While there are many types of grooving operations that can be performed on miniature parts, an end user first needs to define grooving. “HORN defines a grooving operation as any operation removing material between two flanks,” Drape said. “Keeping your mind open, this means:
• threading—constant helical groove,
• parting off—grooving until no more material,
• forming—consists of a groove and possibly some OD or ID cutting, and
• broaching—groove or form placed axially, not radially.”
He added that the most commonly used operations on miniature parts include ID and OD grooving of seals, ID and OD threads, relief grooves for mating components and broaching of keyways, hexes, squares and Torx features.
OD grooving is easiest to generate by side turning or plunging, starting at around 0.020 " wide, according to Iscar’s Kelling. For this application, Iscar recommends its PENTACUT insert with five cutting edges and a molded chipformer.
For ID grooving and undercutting, the company recommends a coolant-feed, solid-carbide insert, starting at a 0.002 " radius and a 0.024 " ID.
For face grooving miniature parts, Iscar recommends its standard solid-carbide inserts, which start at 1mm wide and an ID of 0.236 ".
Special application methods recommended by Iscar use face forming and trepanning inserts to produce intricate forms containing grooves on the ends of some parts. Also, a multifunction tool that performs slotting and grooving has been used in several applications, according to Kelling. “When applications are reviewed, the focus is on using the fewest cutting tools,” said Kelling. “This decreases the required number of cutting tools, tool stations and tool change times, which reduces tooling costs along with machining cycle time.”
OD grooving, such as parting off, can be performed with a PENTACUT tool with five cutting edges and a molded chipformer.
While many shops purchase off-the-shelf grooving tools for miniature part applications, larger manufacturers that use high volumes of these tools may purchase blanks and grind their own tools. “We offer our Micro-Mini solid-carbide grooving tools that can be made into specials,” said Chris Wills, product specialist, Mitsubishi Materials USA Corp., Schaumburg, Ill. “Our customers do the finishing work themselves. Higher-end users will have a high-precision grinder, or they will send it to a supplier and have them custom made,” he said.
The Micro-Mini tool line is offered in widths of 1mm and 2mm with radii down to 0.05mm. Shank sizes vary depending on the round shank holders on the machine they are used for. Standard groove widths for Mitsubishi’s indexable GTAT grooving insert line are 0.3mm to 3.0mm (0.012 " to 0.118 ").
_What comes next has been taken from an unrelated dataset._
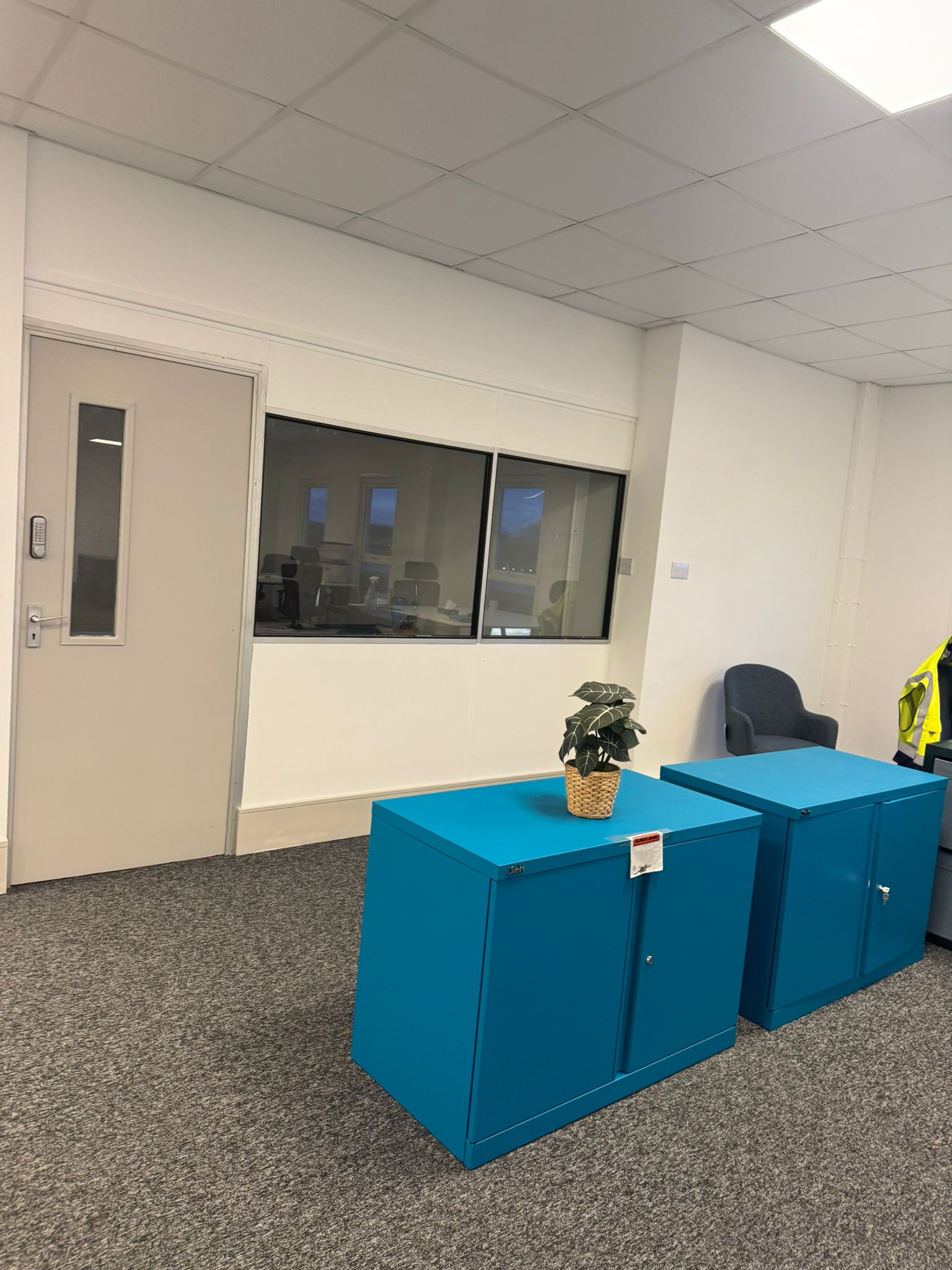 Office breakout area with freshly painted walls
Manufacturers of miniature parts typically use Swiss-type and multiple-spindle machines, but any machine—including smaller CNC lathes—that can hold the part and the tooling can produce such parts.
“Small parts usually have tight tolerances, so machine accuracy is important,” said Thinbit’s King. Small parts also rotate at a high rpm. The formula is (sfm × 12)/(π × diameter). That means a ½ "-dia. part has to rotate at twice the speed as a 1 " part.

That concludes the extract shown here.